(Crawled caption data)
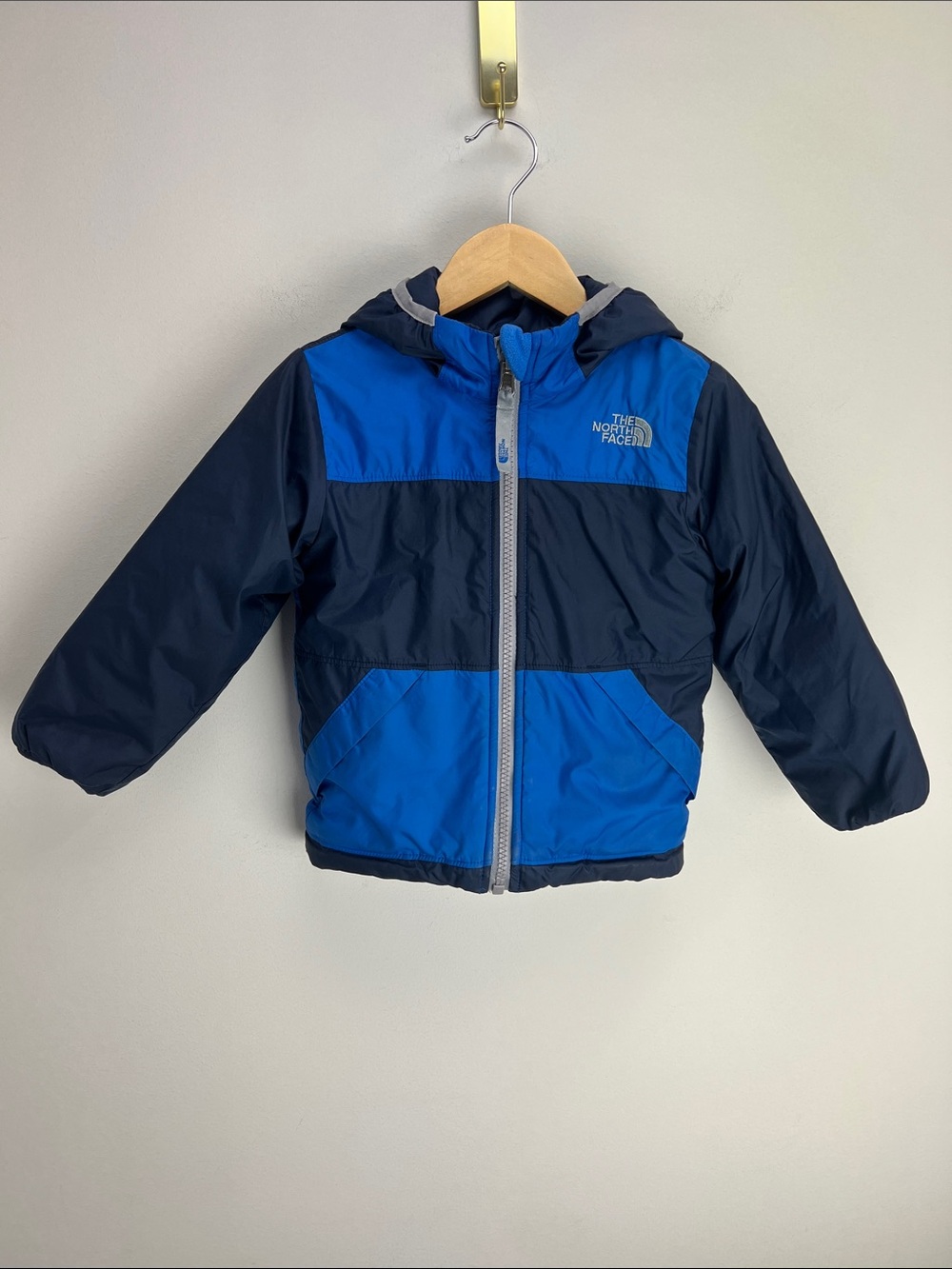 The North Face Reversible True Or False Jacket Blue Fleece Toddler Boys 2T
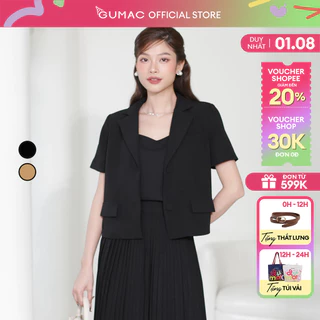 Áo Blazer nữ dáng lửng tay ngắn nút bọc công sở thanh lịch thời trang GUMAC LOWE0722 - LOWF0538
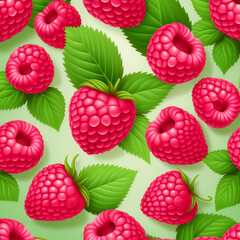 Pattern with berries and raspberry leaves, beautiful wallpaper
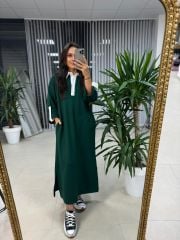 Dr 8161 Gömlek Yaka Detaylı Zümrüt Yeşili Modal Elbise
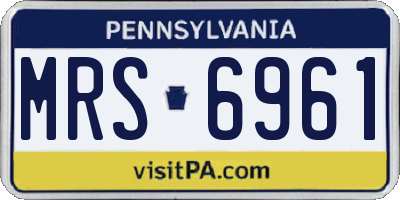 PA license plate MRS6961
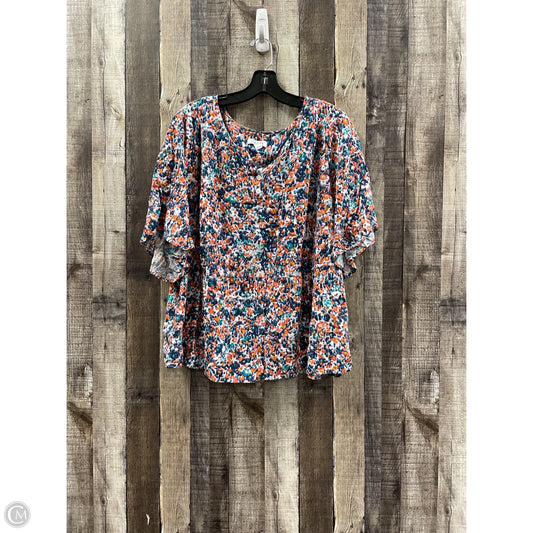 Top Short Sleeve By D&co. In Tie Dye Print, Size: 3x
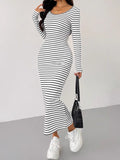 MQTIME  -  Striped Scoop Neck Long Sleeve Midi Tee Dress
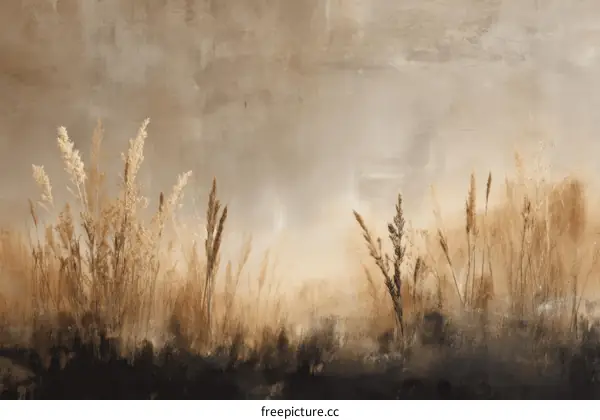 Golden Grass Field on a Misty Day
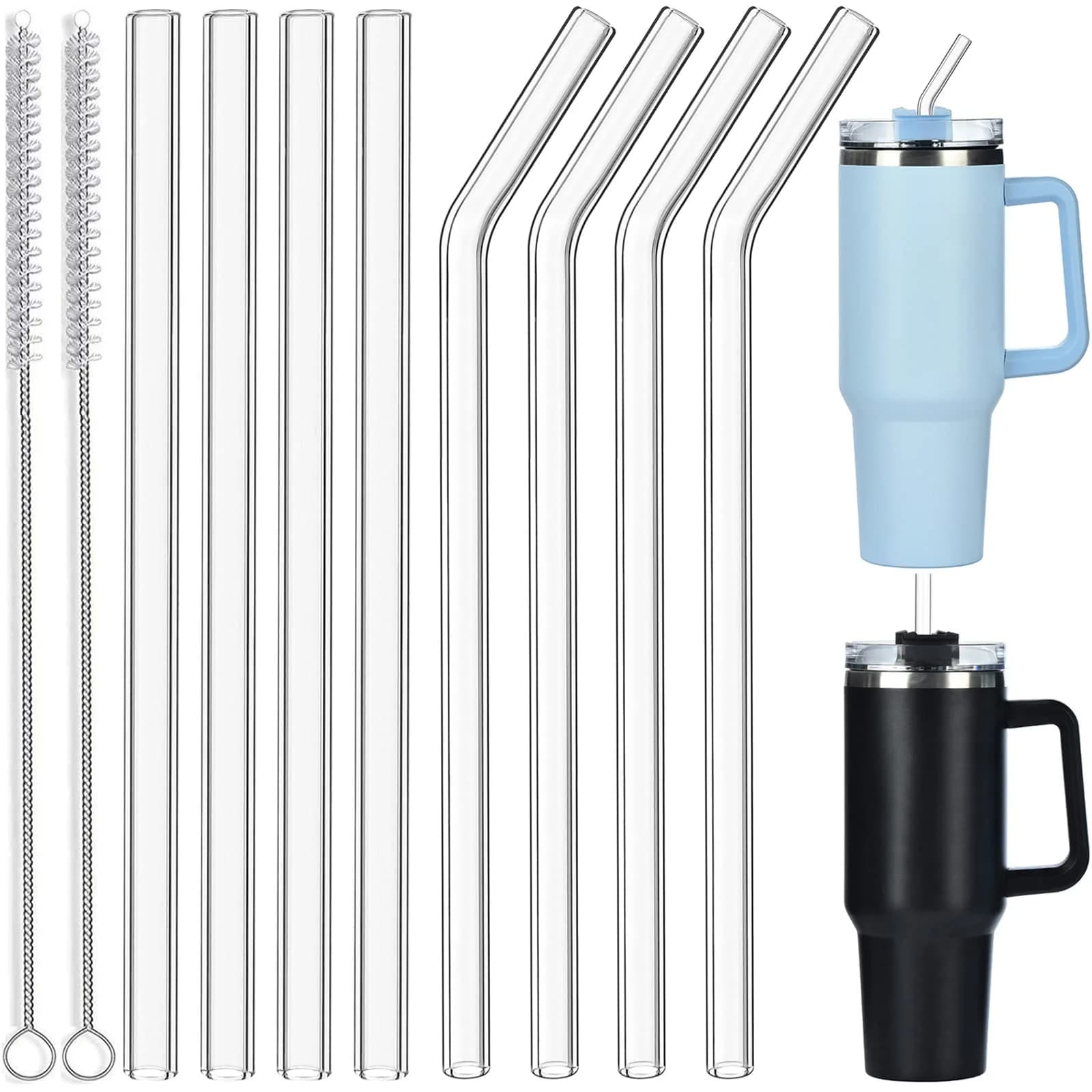 ALINK Replacement Glass Straws 8 Pack | 30.48cm (12 in) Bent & Straight for Stanley Tumblers | BPA-Free Borosilicate Glass - main product image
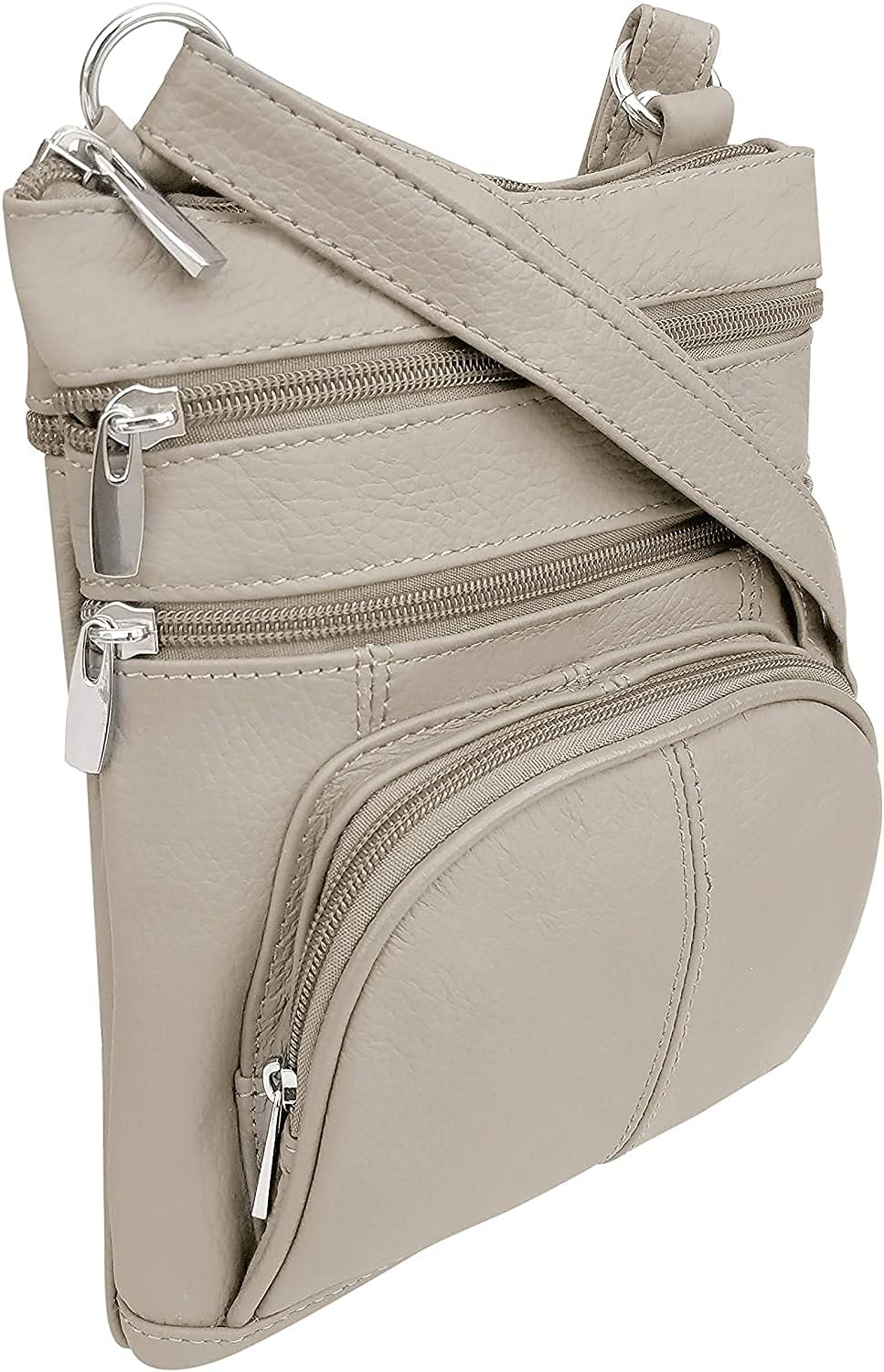 Roma Leathers Genuine X-Large Crossbody Purse, Multi-Pocket, Adjustable Strap, XL - Image 2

TASK OBJECTIVE ::
The answer must consist only of the lines from the beginning of the entries above through the line that holds "ALINK Replacement Glass", reproduced exactly and without pictures.

WRITTEN ANSWER ::
 The North Face Reversible True Or False Jacket Blue Fleece Toddler Boys 2T
 Áo Blazer nữ dáng lửng tay ngắn nút bọc công sở thanh lịch thời trang GUMAC LOWE0722 - LOWF0538
 Pattern with berries and raspberry leaves, beautiful wallpaper
 Dr 8161 Gömlek Yaka Detaylı Zümrüt Yeşili Modal Elbise
 PA license plate MRS6961
 Top Short Sleeve By D&co. In Tie Dye Print, Size: 3x
 MQTIME  -  Striped Scoop Neck Long Sleeve Midi Tee Dress
 Golden Grass Field on a Misty Day
 ALINK Replacement Glass Straws 8 Pack | 30.48cm (12 in) Bent & Straight for Stanley Tumblers | BPA-Free Borosilicate Glass - main product image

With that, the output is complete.